The emergence of a “flat world” has meant that the U.S. economy faces new robust economic competitors, many that combine low costs and high tech. Indeed, as a growing number of nations have come to understand the link between technological innovation and increased prosperity, many not only encourage domestic firms to invest more in research, but also aggressively seek R&D investments by foreign, often American, technology companies. And key weapons in their economic arsenals are tax incentives for research.
As a result the United States faces a significantly different world than even 20 years ago. After President Reagan signed legislation creating the R&D tax credit in 1981 the United States had the distinction of providing the most generous tax treatment of R&D of all OECD nations. But because the generosity of the credit has been whittled away over the years, and other nations have forged ahead, by 2004 we had dropped to 17th most generous.

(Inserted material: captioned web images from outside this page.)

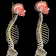 Kyphosis & Rounded Back by Muscle and Motion icon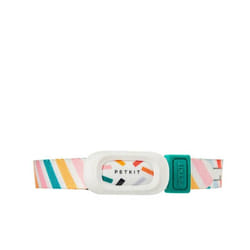 Petkit - Collier analyseur d'activités pour chiens Moyen 33-55cm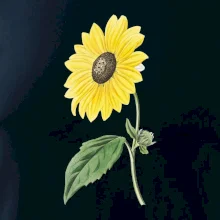 Slunečnice otočená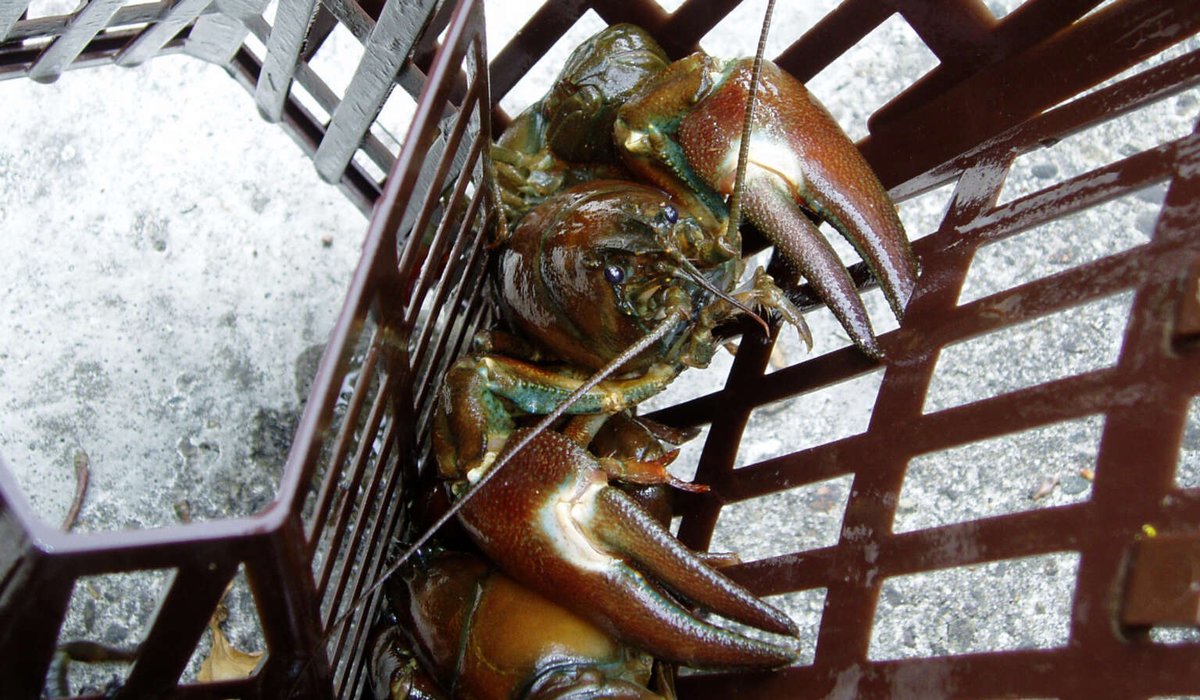 Invasive Krebsarten 🦀 wie der Signalkrebs sind eine Bedrohung der #Artenvielfalt in hessischen Gewässern🌊: Sie übertragen Krankheiten und verdrängen einheimische #Krebse. Hier könnt ihr euch informieren und invasive Arten melden: https://t.co/HrT6YROXdO https://t.co/DLY2nQ4wLh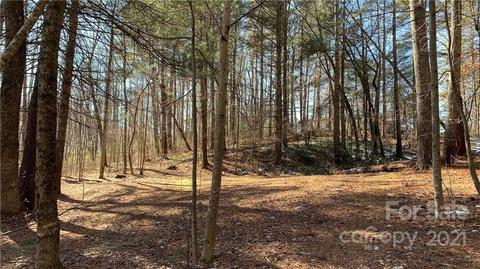 184 Terrys Gap Loop Rd, Fletcher, NC 28732 photo 26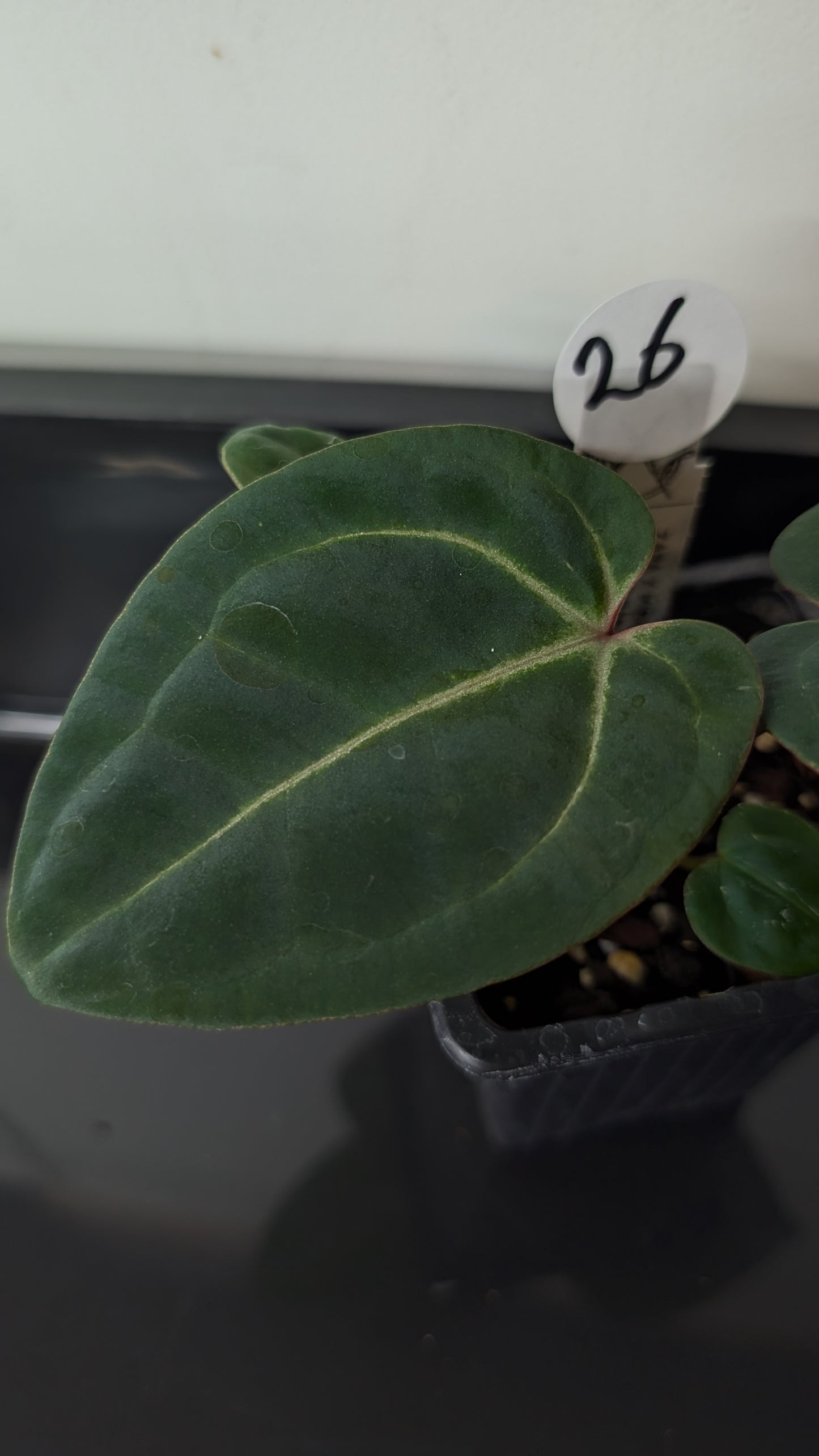 Anthurium Doc Block Zara x Michelle 'Selected Dark Form' x Besseae aff. 'Black Pillow'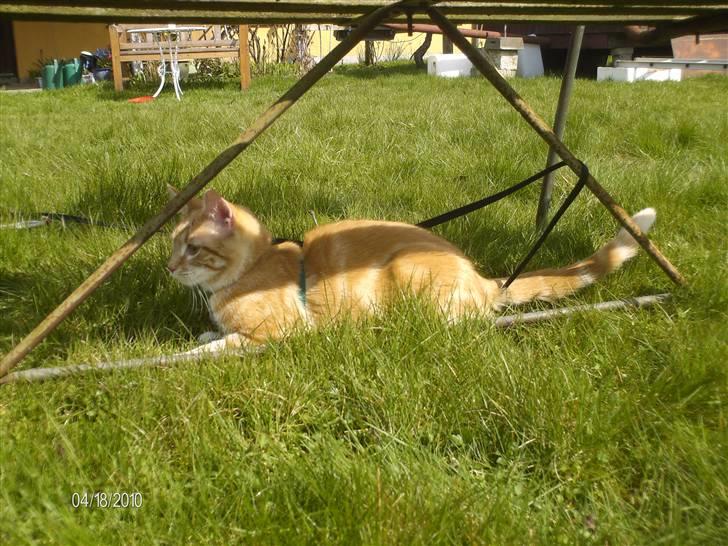 Huskat Lille per billede 13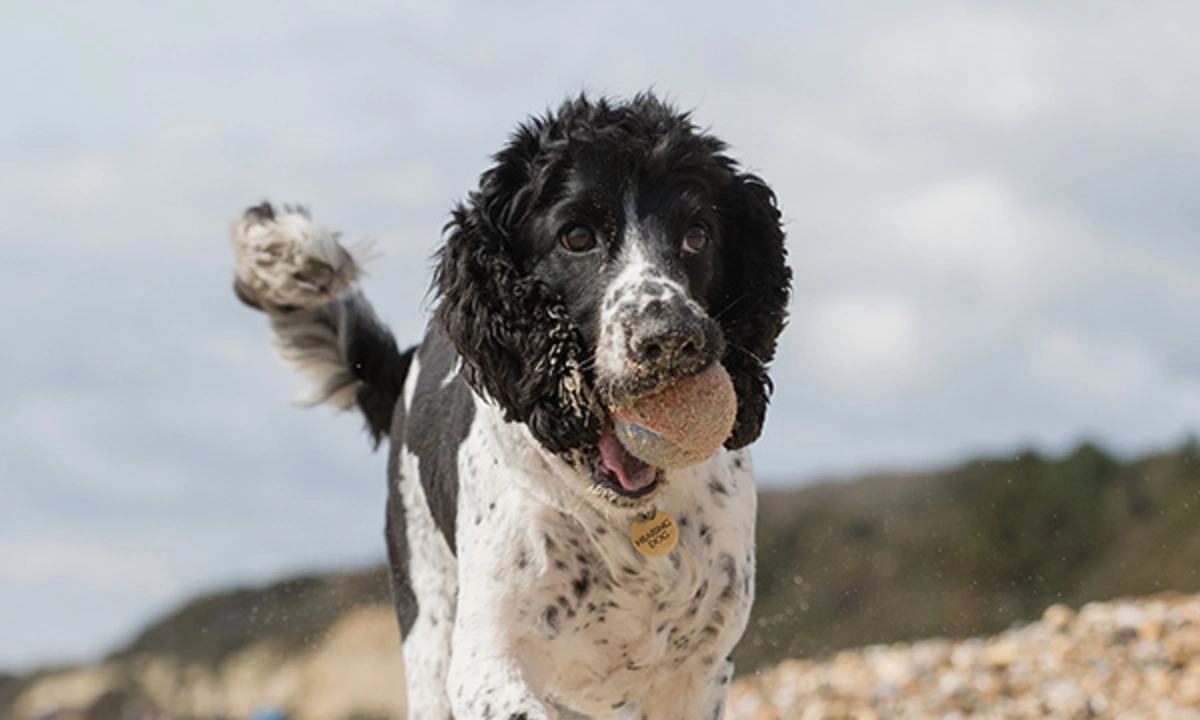 Black and white spaniel dog trotting on beach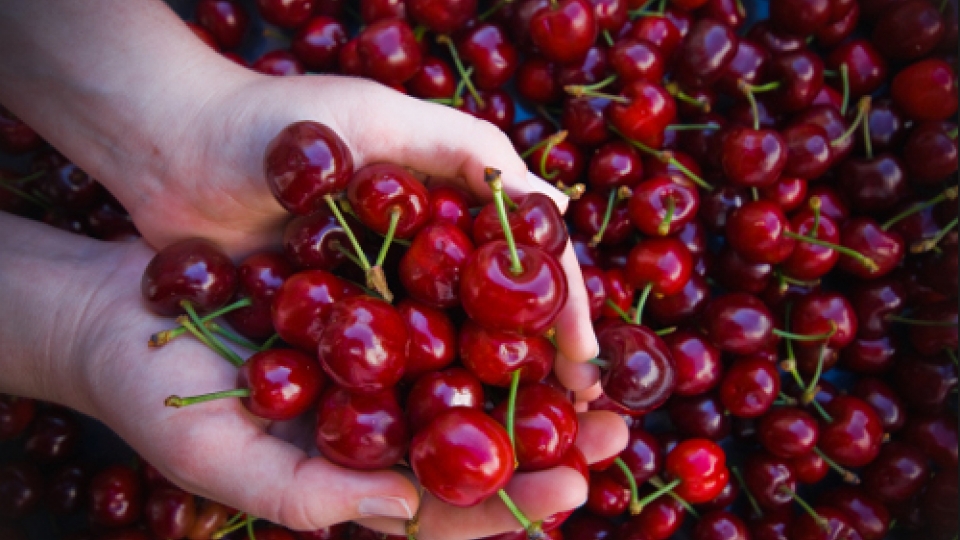 cherry mỹ (1).jpg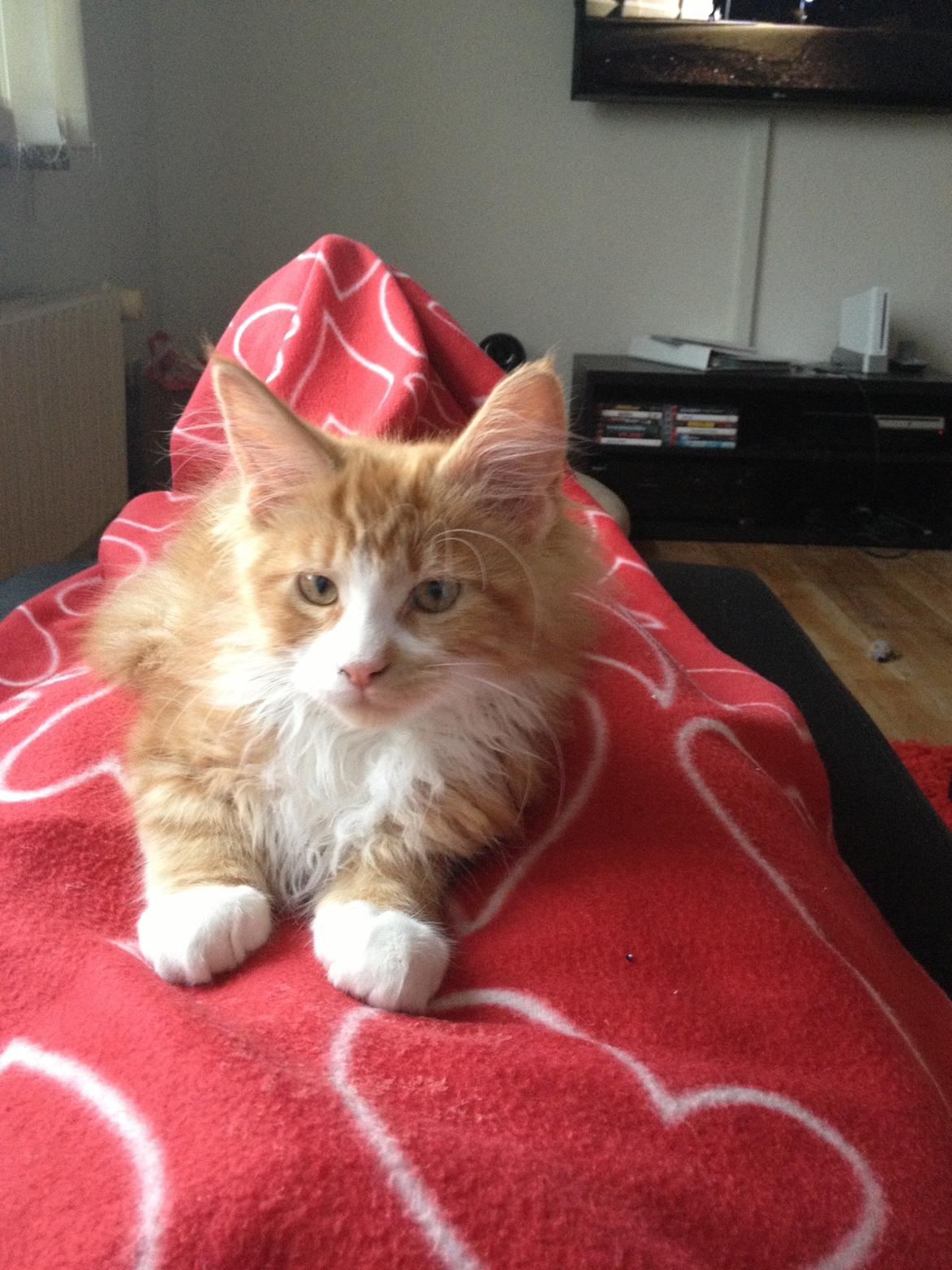 Maine Coon Basse billede 8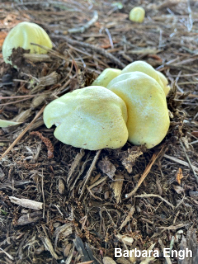 Agaricus floridanus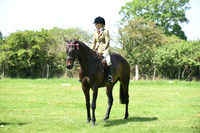 62 Equifest Retrained Racehorse
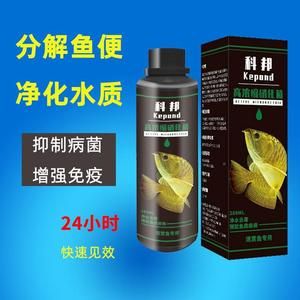 金龍魚鱗外翻是什么原因造成的【金龍魚鱗外翻是什么原因造成的金龍魚鱗外翻是什么原因造成的】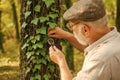 Explore nature. Pensioner with magnifier exploring forest autumn day. Botanist examine plants. Old man scientist Royalty Free Stock Photo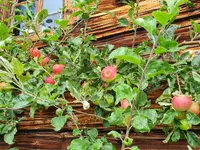 GartenTeam Inäbnit AG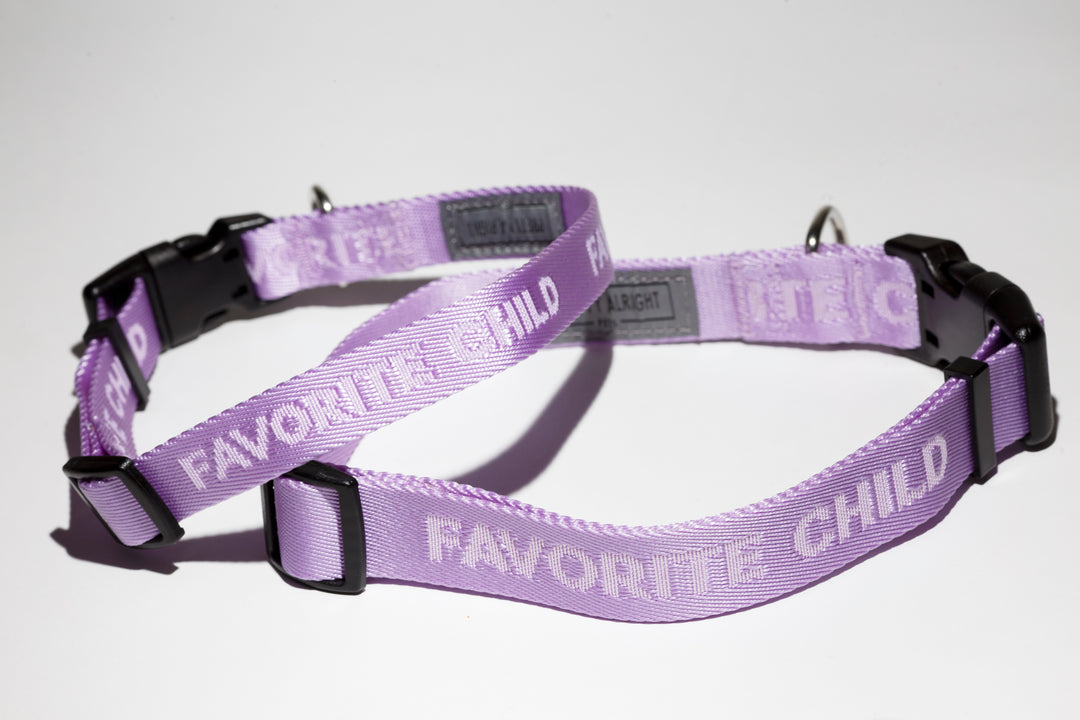 Favorite Child (lavender) Dog Collar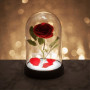 BEAUTY AND THE BEAST - ENCHANTED ROSE LIGHT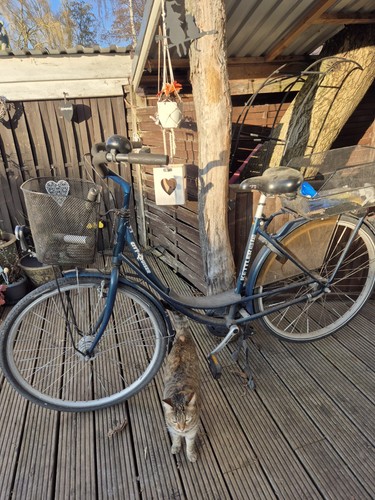 Fahrrad von kettler - fahrrad,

The Research and Experimentation Tax Credit (referred to here as the R&D tax credit) can play an important role in ensuring that the United States remains an attractive location for global companies to conduct research. Not only does the credit spur the retention and attraction of investment in R&D in the United States, new scholarly research shows convincingly that the credit is an effective tool for stimulating additional research which in turn leads to faster economic growth. As a result, legislation now before Congress to extend and expand (by adding the Alternative Simplified Credit) the credit is crucial to ensuring that the U.S. innovation economy continues to prosper and grow.